Is North Korea the latest example of how digital connectivity is enhancing transparency, accountability and democracy?
“The global reach of digital technology has armed the public with tools hard to imagine even a decade ago,” says Empowering Independent Media: U.S. Efforts to Foster a Free Press and an Open Internet Around the World, a report from the Center for International Media Assistance, released this week.
ICT availability is even impacting one of the world’s most repressive and formerly closed regimes, reports suggest.

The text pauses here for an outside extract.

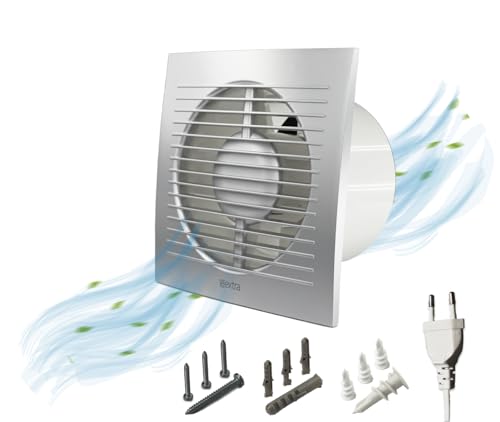 H&C VENT Ø 100mm Standard Bad Ventilator │ Badlüfter IPX4 15W 100m³/h 32dB │ Abluftventilator Für Badezimmer Küche Garage Gewächshaus Growzelt WC Fan│ Lüfter Wandventilator Deckenlüfter Fensterlüfter von H&C VENT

“When Pyongyang’s latest long-range rocket disintegrated shortly after blast-off in mid-April, North Korea surprised observers with an unusual admission of failure, transmitted across the country on state television. In the past it has simply lied, telling the country that failed launches were successful,” the Financial Times reports:
Brian Myers, a North Korea expert at South Korea’s Dongseo university, said Pyongyang had realised it could no longer lie so easily. “The only way to explain the admission is North Koreans’ increased connectedness to outside sources,” he said.
Andrei Lankov, a professor of North Korean studies at Kookmin university in Seoul, said the state had to accept it could no longer monitor everyone, as it could in the days of only a few public phone boxes. “The authorities do their best to eavesdrop but they can hardly digest such a volume of traffic,” he said. …Lankov said it would be an exaggeration to say phones were already undermining state security but added that “the potential was there”.
North Korea will forsake “total control” and would shift to a model where “the government makes an example of a select group to try and force the rest of the country to stay in line, like the Chinese do,” says Scott Bruce, a director of the Nautilus Institute, a think-tank that researches the Stalinist state.
“Time is not on their side,” said Siegfried Hecker, a US expert on Pyongyang’s nuclear program. “Cell phones are going to get them in the end”.